Choose any name for your application, write a description and use `http://google.com` for the website.

Under **Key and Access Tokens**, there are four primary identifiers you'll need to note for an OAuth 1.0A workflow: 
* consumer key, 
* consumer secret, 
* access token, and 
* access token secret (Click on Create Access Token to create those).

Note that you will need an ordinary Twitter account in order to login, create an app, and get these credentials.

The first time you execute the notebook, add all credentials so that you can save them in the `pkl` file, then you can remove the secret keys from the notebook because they will just be loaded from the `pkl` file.

**pkl** is a Python utility module that does **serialization** to convert any Python object or data structure to a character stream so that it can be saved to the disk and recreated in Python if we need it later.

The `pkl` file contains sensitive information that can be used to take control of your twitter acccount, **do not share it**.

In [4]:
import pickle
import os

Install the `twitter` package to interface with the Twitter API

In [5]:
!pip install twitter

Collecting twitter
  Downloading twitter-1.17.1-py2.py3-none-any.whl (55kB)
Installing collected packages: twitter
Successfully installed twitter-1.17.1


In [9]:
if not os.path.exists('C:/ml/twitter_credentials.pkl'):
    Twitter={}
    Twitter['Consumer Key'] = ''
    Twitter['Consumer Secret'] = ''
    Twitter['Access Token'] = ''
    Twitter['Access Token Secret'] = ''
    with open('C:/ml/twitter_credentials.pkl','wb') as f:
        pickle.dump(Twitter, f)
else:
    Twitter=pickle.load(open('C:/ml/twitter_credentials.pkl','rb'))

## Example 1. Authorizing an application to access Twitter account data

In [14]:
import twitter

## use twitter keys from pkl file to create twitter api object in python

# create authentication object
auth = twitter.oauth.OAuth(Twitter['Access Token'],
                           Twitter['Access Token Secret'],
                           Twitter['Consumer Key'],
                           Twitter['Consumer Secret'])

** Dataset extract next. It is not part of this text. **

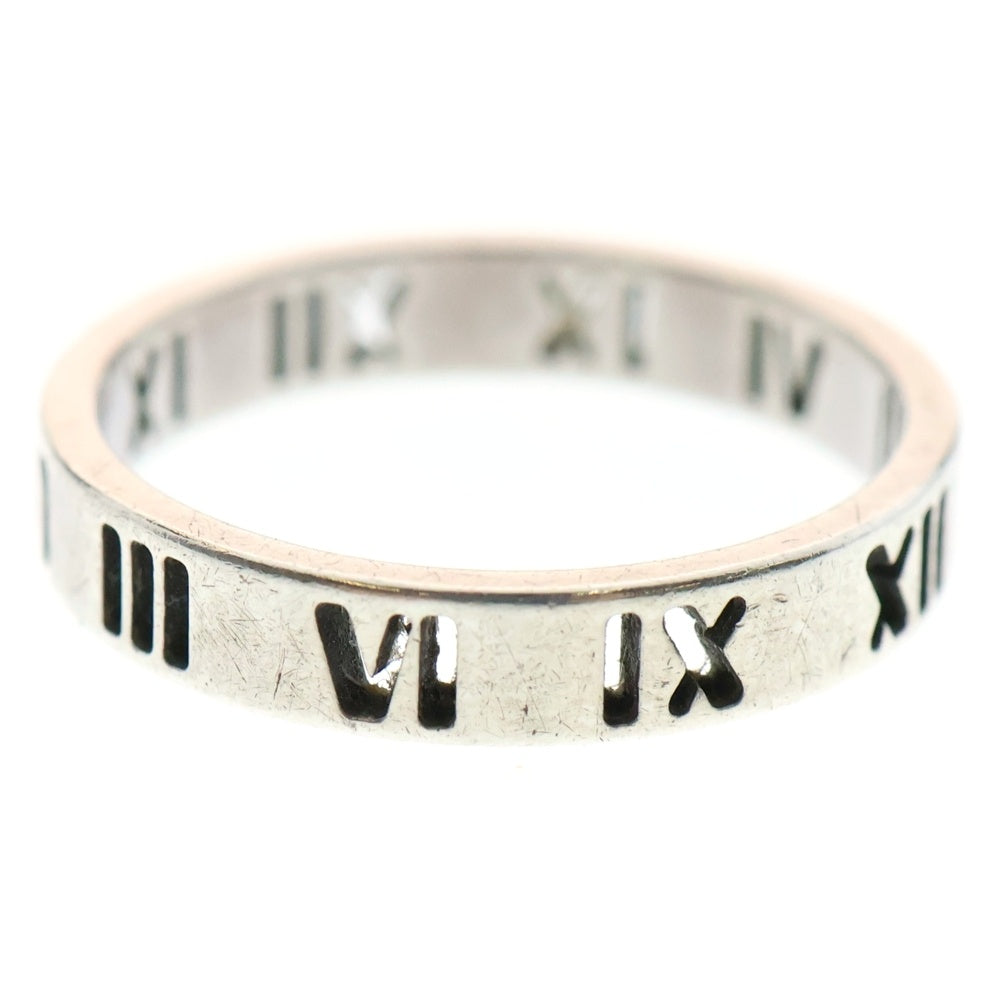 TIFFANY&Co(ティファニー) アトラスナローリング 指輪 シルバー SV925 2.3g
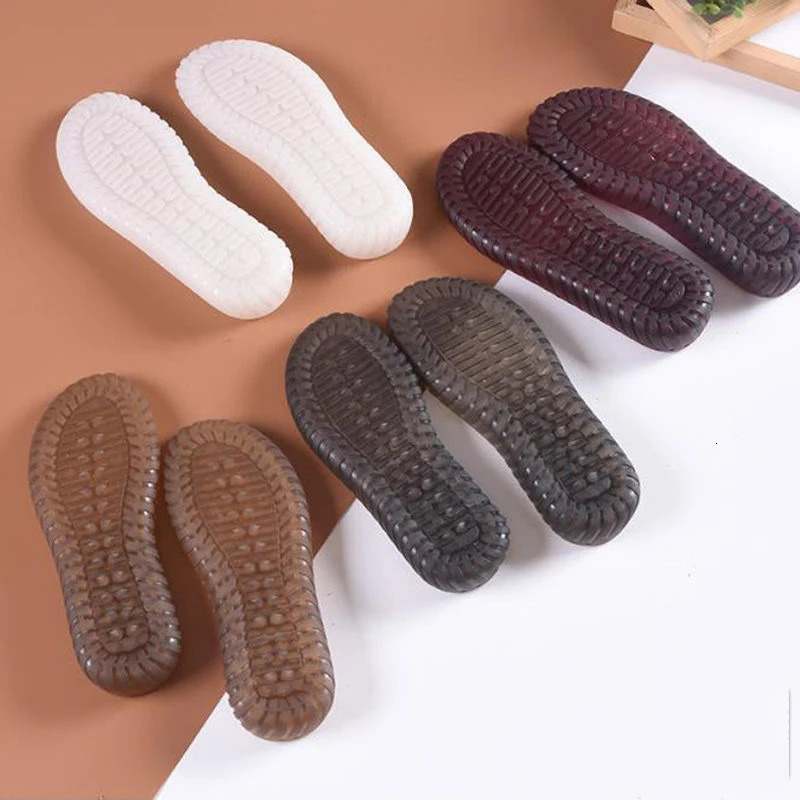 Rubber Shoe Soles Repair for Men Leather Shoes Anti Slip Ground Grip Half Outsoles Replacement DIY Mat Cushion Forefoot Pad Sole 240703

# create twitter api object
twitter_api = twitter.Twitter(auth = auth)

# Nothing to see by displaying twitter_api except that it's now a defined variable
print(twitter_api)

<twitter.api.Twitter object at 0x0000000005243C50>


## Example 2. Retrieving trends

Twitter identifies locations using the **Yahoo! Where On Earth ID**.

The Yahoo! Where On Earth ID for the entire world is 1.
See https://dev.twitter.com/docs/api/1.1/get/trends/place and
http://developer.yahoo.com/geo/geoplanet/

look at the BOSS placefinder here: https://developer.yahoo.com/boss/placefinder/

In [8]:
WORLD_WOE_ID = 1
US_WOE_ID = 23424977

Look for the WOEID for [san-diego](http://woeid.rosselliot.co.nz/lookup/san%20diego%20%20ca)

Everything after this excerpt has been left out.